[DATA TO EXAMINE]
▼▼▼
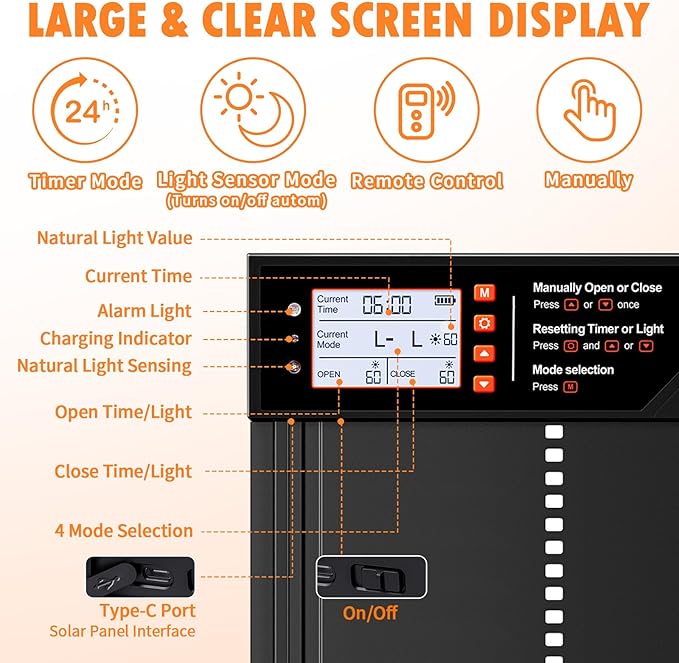 Automatic Chicken Coop Door Solar Powered, Aluminum Alloy Automatic Chicken Door with Large Size, 4 Modes, Timer & Light Sensor, Anti-Pinch Safety Design, LCD Display, Remote Control, Weatherproof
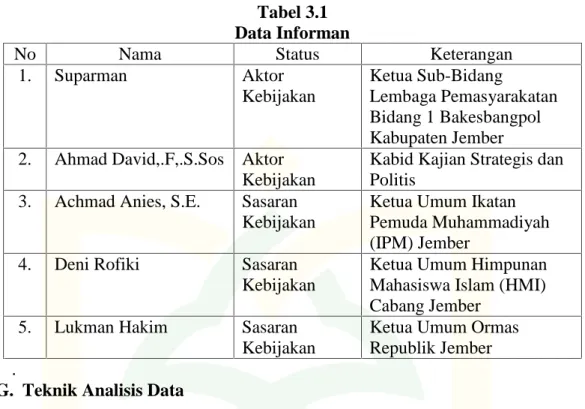 Tabel 3.1 Data Informan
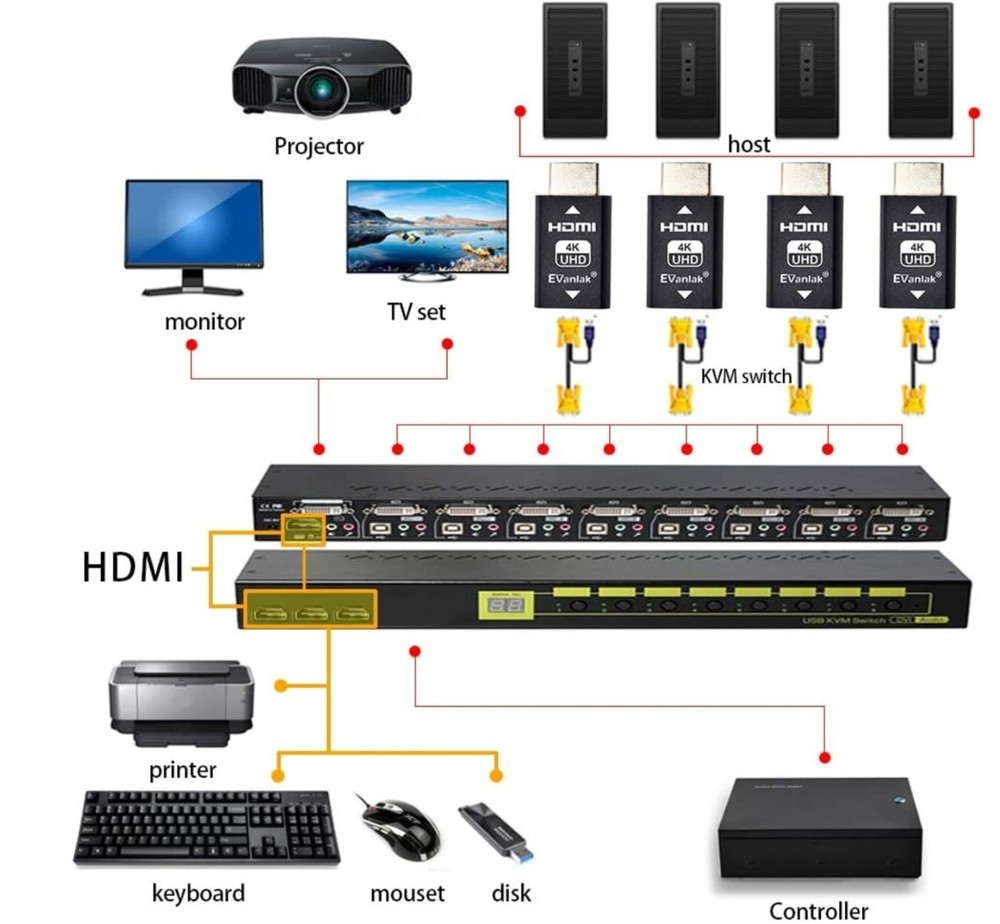 EVanlak Hdmi Edid Emulator Passthrough 3rd Generation 800p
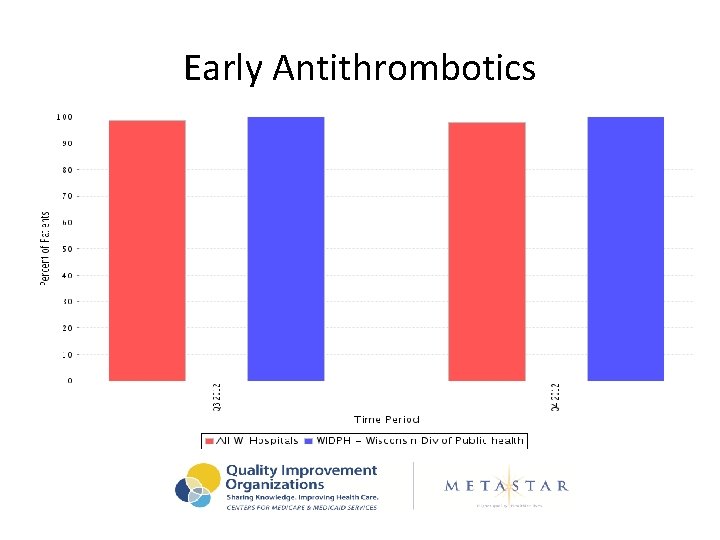 Early Antithrombotics 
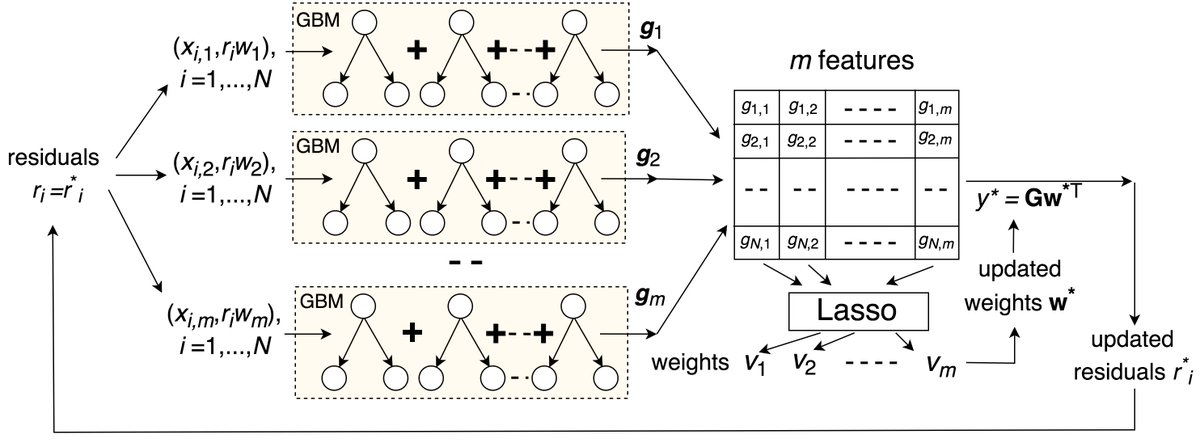 boosting machine learning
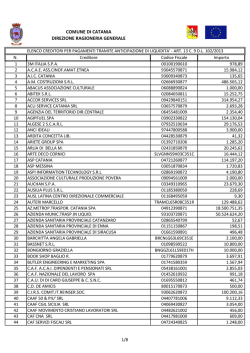 elenco-creditori-dl-102-2013-2
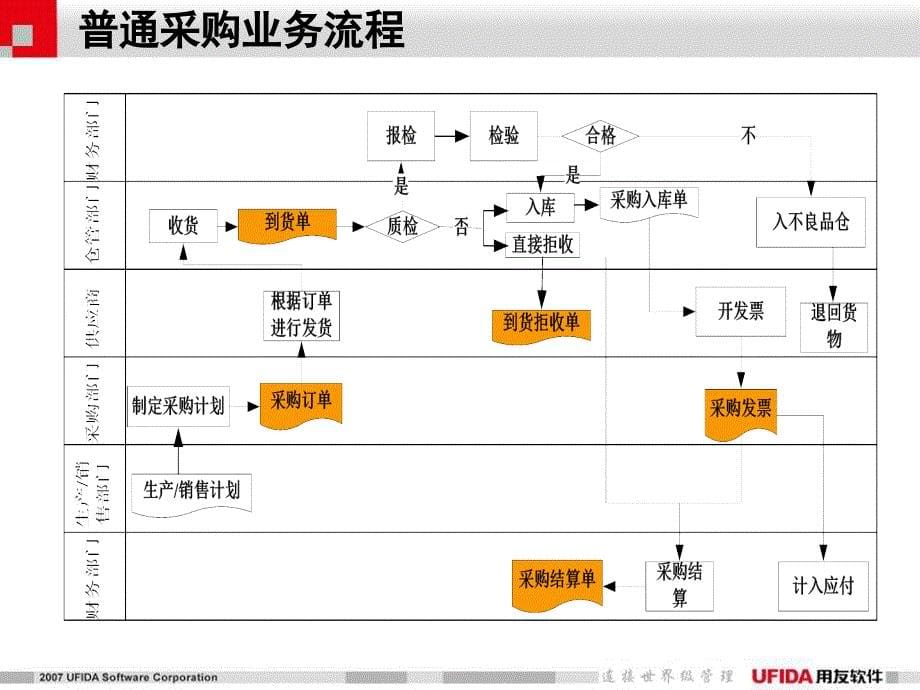 用友u8财务供应链介绍_第5页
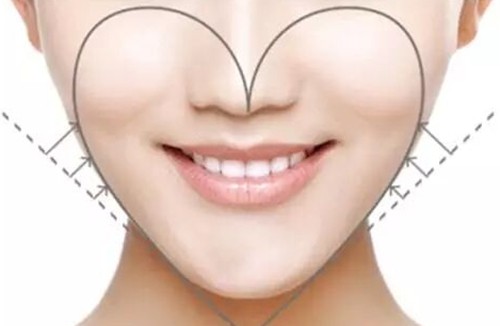超声刀可以提升苹果肌吗？韩国Liol、Uyou等口碑皮肤科光电抗衰性价比高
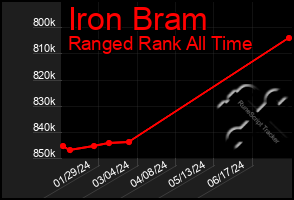 Total Graph of Iron Bram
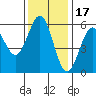 Tide chart for Trinidad, California on 2021/11/17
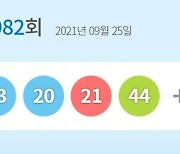 982회 로또 1등 8명→30억씩..4명은 번호 수동선택(종합)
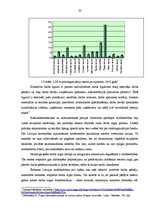 Diplomdarbs 'Darba alga un to noteicošie kritēriji Latvijas Republikas pašvaldībās', 33.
▲▲▲
Transcribe all lines above exactly, skipping pictures.

 Automatic Chicken Coop Door Solar Powered, Aluminum Alloy Automatic Chicken Door with Large Size, 4 Modes, Timer & Light Sensor, Anti-Pinch Safety Design, LCD Display, Remote Control, Weatherproof
 Tabel 3.1 Data Informan
 EVanlak Hdmi Edid Emulator Passthrough 3rd Generation 800p
 Early Antithrombotics 
 boosting machine learning
 elenco-creditori-dl-102-2013-2
 用友u8财务供应链介绍_第5页
超声刀可以提升苹果肌吗？韩国Liol、Uyou等口碑皮肤科光电抗衰性价比高
 Total Graph of Iron Bram
 Tide chart for Trinidad, California on 2021/11/17
 982회 로또 1등 8명→30억씩..4명은 번호 수동선택(종합)
 Diplomdarbs 'Darba alga un to noteicošie kritēriji Latvijas Republikas pašvaldībās', 33.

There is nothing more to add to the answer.